Task prompt >>
Copy out exactly, from the entries that follow, the line holding "NHL 18 - Limited", the line holding "Tafelklok Nextime dia", and all lines between them, but no pictures.

Information given: Begin

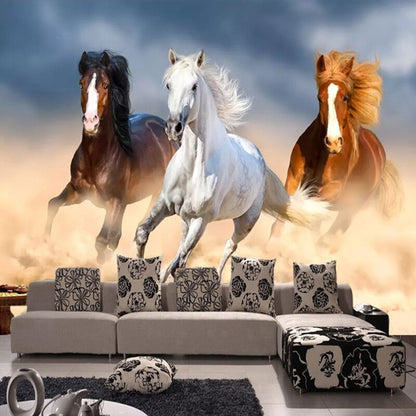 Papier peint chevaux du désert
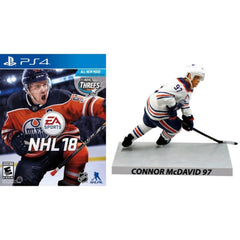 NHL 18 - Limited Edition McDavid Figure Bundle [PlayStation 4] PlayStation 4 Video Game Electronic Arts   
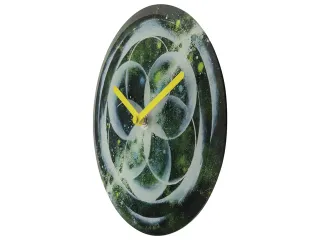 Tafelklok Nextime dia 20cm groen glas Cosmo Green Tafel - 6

Information given: End
Information given: Begin

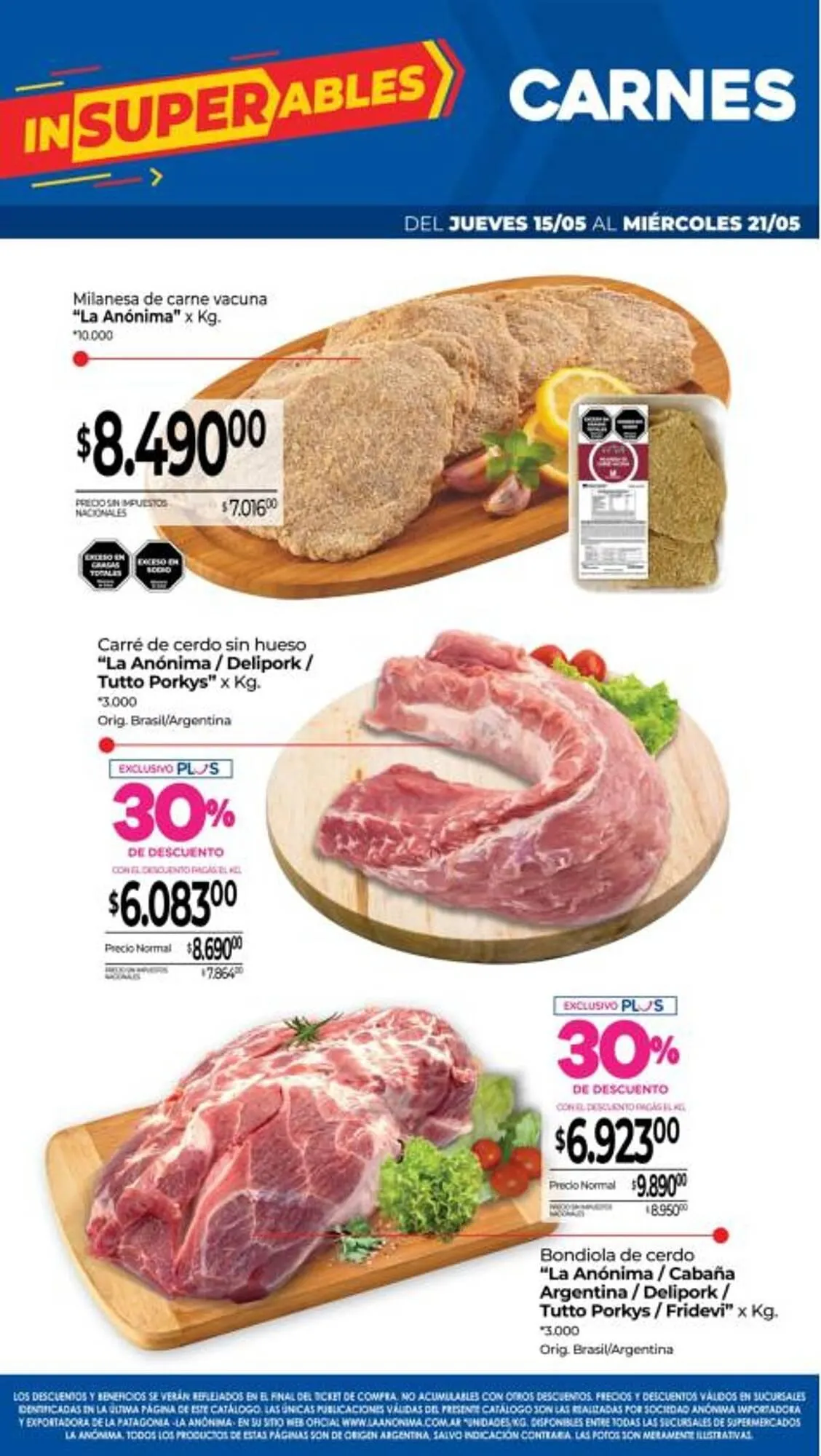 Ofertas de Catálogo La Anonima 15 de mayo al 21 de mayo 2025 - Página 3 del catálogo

Information given: End
Information given: Begin

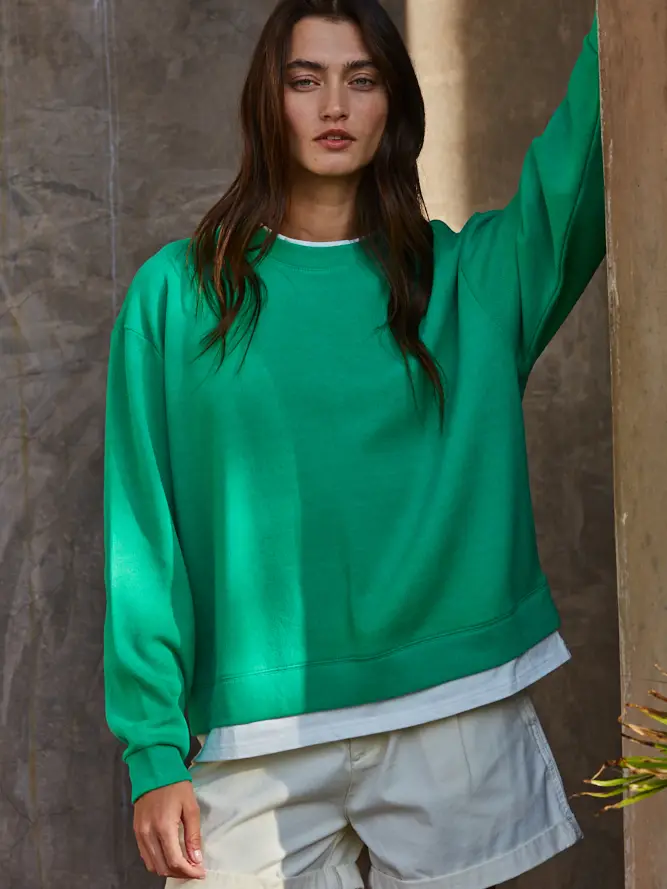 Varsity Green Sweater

Information given: End

Output of the task >>
 NHL 18 - Limited Edition McDavid Figure Bundle [PlayStation 4] PlayStation 4 Video Game Electronic Arts   
 Tafelklok Nextime dia 20cm groen glas Cosmo Green Tafel - 6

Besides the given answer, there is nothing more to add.